悪循環の核心はここです。地方シフトで目先の利回りを確保しても、投資家が「将来の賃料成長は限定的だ」と判断すれば、投資口価格は上がりにくくなります。投資口価格が上がらなければ、公募増資のハードルはさらに高くなります。すると、都心の大型案件に再挑戦する資金調達力が一段と弱まり、また地方の高利回り物件に頼るしかなくなるわけです。

最近の事例でも、その方向性は見えます。Oneリート投資法人は2026年3月、東京のオフィス1件に加えて、那覇、成田、福岡、札幌、鹿児島のホテルをまとめて取得すると発表しました。用途分散と地方分散で収益基盤を安定させる狙いは合理的です。ただ、こうした案件が増えるほど、投資家の評価軸は「都心の賃料成長を取り込むREIT」から「利回り確保型REIT」へ寄りやすくなります。

つまり、地方シフトの問題は地方そのものではなく、都心アセットを取り込み続ける成長ストーリーを失うことにあります。大型スポンサーを持つ一部REITはなお都心の大型取得が可能ですが、中堅以下ではこの差が広がりやすいとみられます。

注意点・展望

今後を考えるうえで、よくある誤解は「東京が高すぎるなら地方へ行けば解決する」という見方です。実際には、地方物件は賃料上昇の天井、出口流動性、テナント代替性で都心より慎重な評価が必要です。利回りだけで判断すると、将来の資産価値成長を取りこぼす可能性があります。

一方で、すべてのJ-REITが悲観的というわけでもありません。
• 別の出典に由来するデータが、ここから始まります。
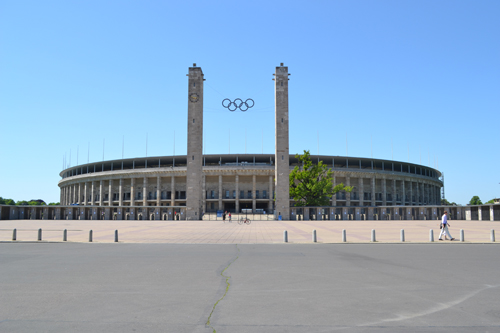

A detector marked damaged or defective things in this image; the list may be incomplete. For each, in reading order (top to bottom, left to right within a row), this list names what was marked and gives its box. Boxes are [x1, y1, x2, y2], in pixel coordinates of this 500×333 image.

crack in pavement [205, 243, 240, 330]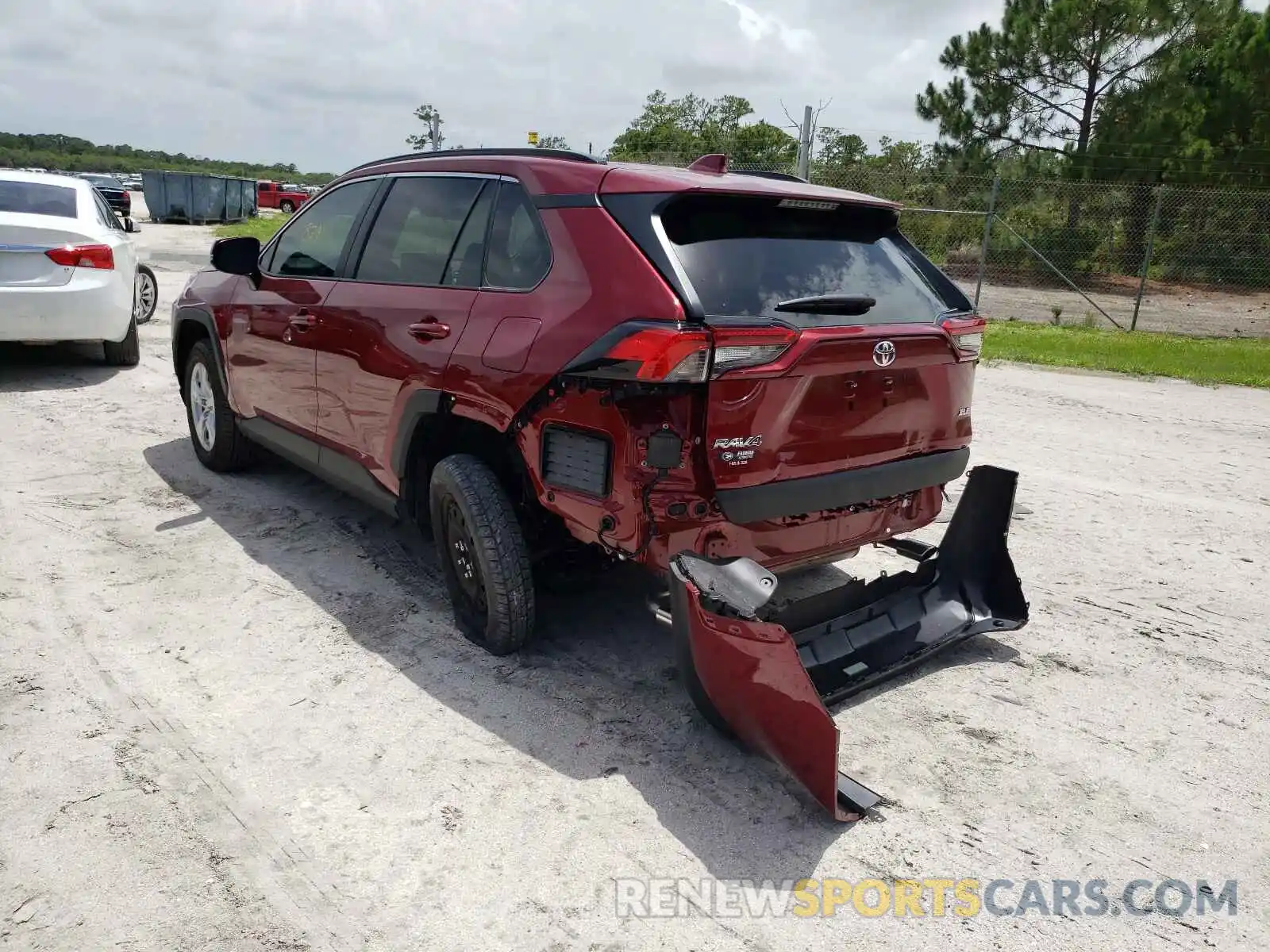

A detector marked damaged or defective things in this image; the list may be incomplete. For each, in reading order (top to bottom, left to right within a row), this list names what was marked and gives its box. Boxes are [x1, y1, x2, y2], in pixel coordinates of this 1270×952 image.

damaged rear of suv [179, 149, 1026, 822]
detached rear bumper cover [670, 466, 1026, 822]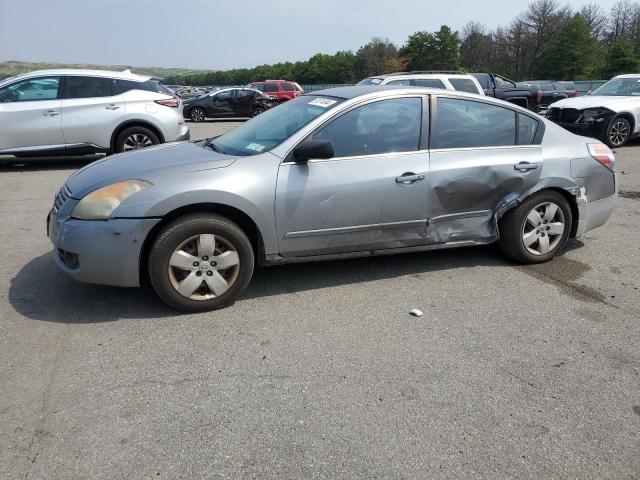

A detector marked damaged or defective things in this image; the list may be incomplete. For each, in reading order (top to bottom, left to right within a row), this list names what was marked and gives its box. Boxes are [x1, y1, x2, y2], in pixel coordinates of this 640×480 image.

damaged rear door [428, 96, 544, 244]
dent on rear door [428, 146, 544, 244]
東京の賃貸市況が強く、ホテルや物流など一部用途は成長余地があります。重要なのは、どのREITが単なる高利回り追求ではなく、都心の成長資産をどう維持しながら選別的に地方を組み込むかです。今後はスポンサー力、増資のしやすさ、賃料改定の実績が、J-REITの優勝劣敗をいっそう分けることになりそうです。

まとめ

J-REITが都心物件を買いにくくなった理由は明快です。東京の地価と賃料は上がり続ける一方、取得利回りは3%台前半まで低下し、日銀の金利正常化で資本コストは上がりました。しかも投資口価格が純資産価値を十分に上回らないため、公募増資も簡単ではありません。
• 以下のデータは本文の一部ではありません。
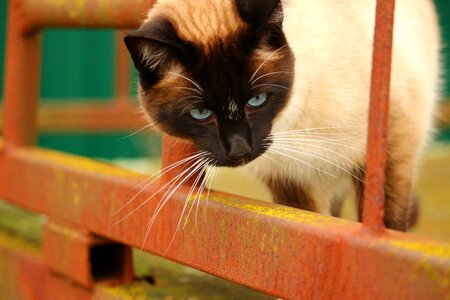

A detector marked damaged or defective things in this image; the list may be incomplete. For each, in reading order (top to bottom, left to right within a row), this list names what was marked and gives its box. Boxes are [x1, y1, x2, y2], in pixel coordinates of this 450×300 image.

rusty metal bar [2, 0, 41, 145]
rusty metal bar [11, 0, 155, 33]
rusty metal bar [364, 0, 396, 232]
rusty metal bar [0, 144, 448, 298]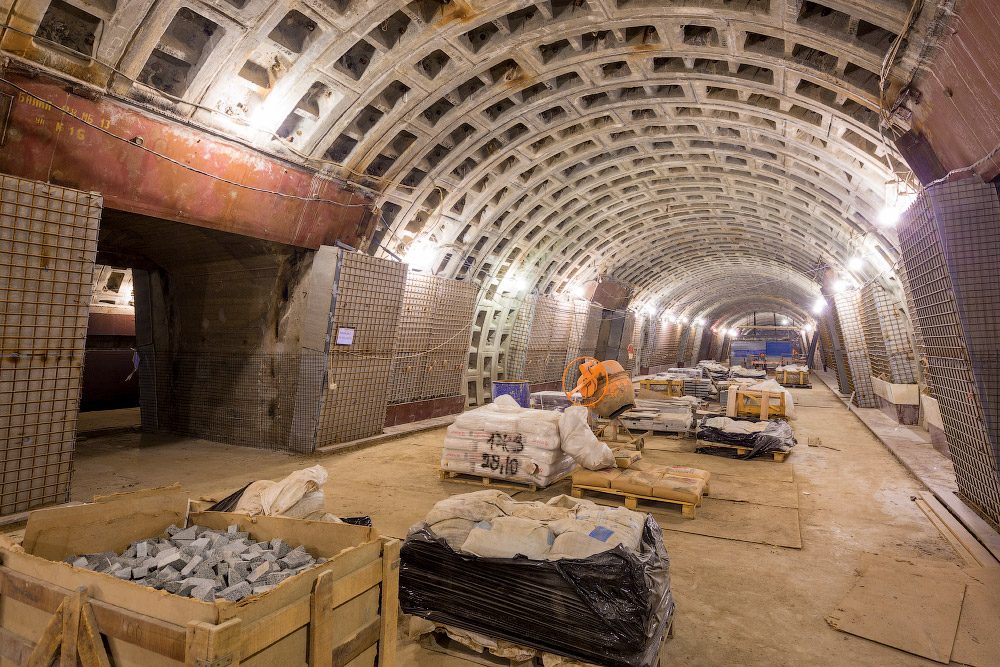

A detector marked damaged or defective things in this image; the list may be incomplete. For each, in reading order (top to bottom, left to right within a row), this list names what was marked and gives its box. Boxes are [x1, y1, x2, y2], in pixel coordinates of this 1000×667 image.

rust stain on metal beam [0, 70, 376, 250]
その結果として起きる地方シフトは、短期的には分配金を守る現実策です。ただし、それが長引けば都心の成長力を捨てることになり、投資家評価の低下を通じて次の成長機会まで細らせる恐れがあります。J-REIT市場の本当の課題は、地方を買うことではなく、都心の強い成長資産に再びアクセスできる資本市場の回路をどう維持するかにあります。